The biggest risk is that your job does not come to fruition for whatever reason and that your new location does not offer enough opportunities to find a new one. In other words, you want to be protected from the financial consequences of moving back to achieve status quo ante. Since cultural issues on the job and inflated job specs reveal themselves usually within the first few months, there is a case to be made for delaying a full move of at least your family (and ideally your own) for that amount of time. When moving abroad, you should be fully protected from any tax consequences. Instead of negotiating for plum expat packages, ensure that you are protected now and later from the web of tax issues arising out of your move. Thus, there are up to three topics for you to negotiate:
1) Delay your move, at least for your family: I’ve learned that there are more stories of major disappointment after taking on a new position in a new location, than there are success stories. Avoid giving up your old home before having successfully worked in the new city for a few months. Even more important, never uproot your family before starting your new job. Negotiate with the company a stay for you in a furnished apartment or an extended -stay hotel. Negotiate the full move to happen after 3 to 6 months. Any seasoned company will accept your request and not see this as a lack of commitment. Even if you have to pay your own trips home during that time, your investment will be worth every dollar. If the job turns out to be a successful match, you can now with some confidence change the location variable for you and your family. If the job turns out to be worse than expected, you will be very, very glad, to cut your ties and contemplate next steps from your sofa in the place of the city you luckily never really left.
2) Secure protection for the event that things don’t work out: It is a sign of maturity to talk with your (prospective) employer about what happens in the unlikely possibility that things don’t’ work out. It’s a bit like having a pre-nuptial agreement – you have the best intentions, but failure could be nobody’s fault. From negotiating a “guaranteed severance” offered for some limited time period to clauses to pay for your move “home” and all related costs, make sure you will be made whole in case things don’t work out. Be aware of HR playing all kinds of tricks to shift the employment risk to you. One example: A former colleague once asked me for advice when her company wanted her to relocate to Greece. I looked at the Standard Relocation Policy and was shocked to see that this global firm would not move an employee back home from a foreign location if the person resigned while being abroad. Since “resignation” is often negotiated or forced, such a clause is not acceptable and you should not agree to it, unless you want to be trapped abroad when things don’t go according to plan.

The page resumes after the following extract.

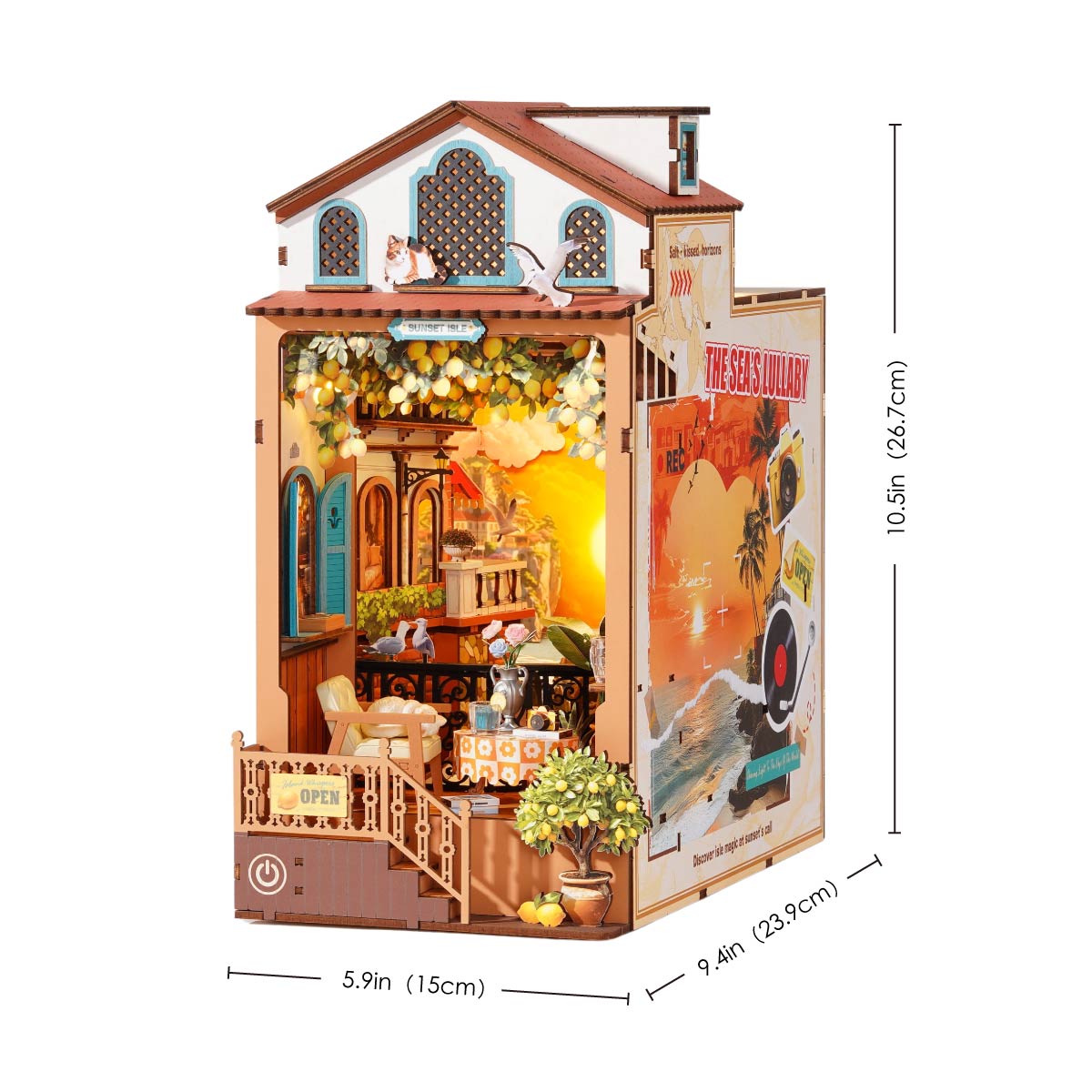 Rolife Sunset Isle DIY Book Nook TGB18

3) Moving abroad - get the best tax protection for a long time: Your company might offer to pay for tax preparation services during your stay abroad. If you are lucky, they’ll even offer you some kind of tax equalization for your compensation. Both are nice gestures but by far insufficient. First, consider that tax authorities have years to audit your tax return (e.g., 10 years in Germany). As a consequence, you need a guarantee that the company will pay for any future tax preparation and defense costs related to the time you are abroad….for the maximum length of time that either two tax authorities (US, foreign) can reopen your case. Second, tax equalization of your compensation might not be sufficient if you have lots of other assets or investment income. You need this to be equalized as well. Be prepared for your company to bark at this demand unless you are sufficiently high up the food chain. Then there are income taxes to be paid on housing allowances and other living costs adjustments, same goes for the taxable event of tax equalization itself; will your company reimburse you for these taxes or are you on the hook? Ensure you are sufficiently covered.

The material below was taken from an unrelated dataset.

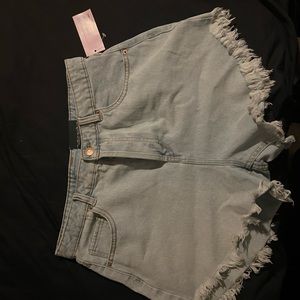 BRAND NEW size 12 light blue jean shorts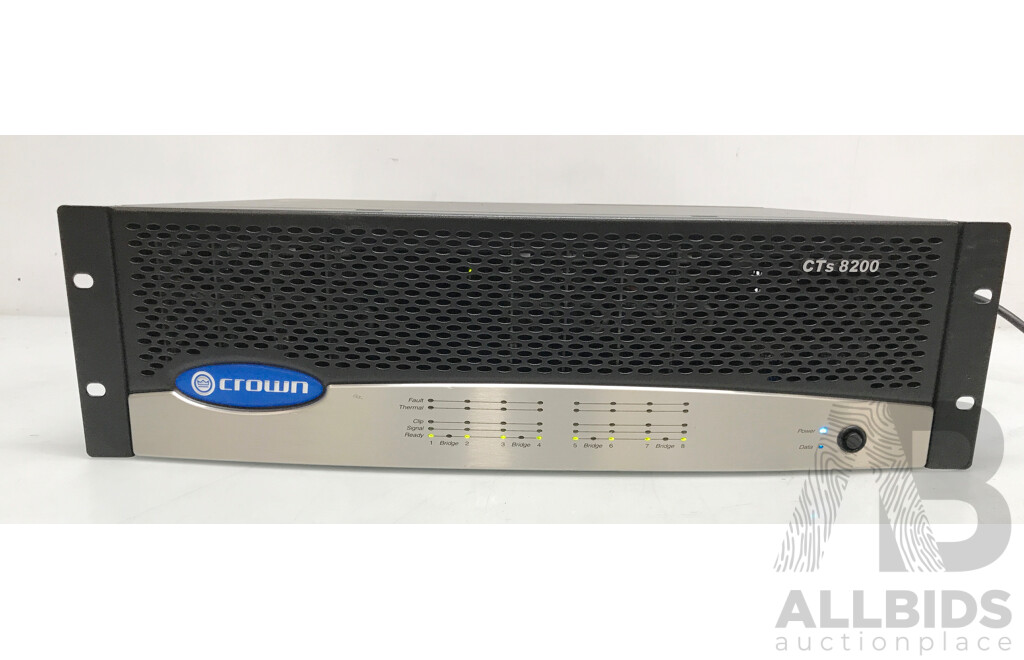 Crown Audio (CTS-8200) Eight Channel Power Amplifier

Congrats! You are now ready to go and focus on the many benefits of your new job in the new location. You know that your family will only be uprooted if things on the ground seem to be working out after the first crucial months. You can breathe easily since you know that if things fall apart later your company will make you financially whole for the “round trip”. And should you work in foreign lands, you will be able to sleep soundly the next few years as you won’t have to fear paying for any tax man chasing you long after your foreign stay is over.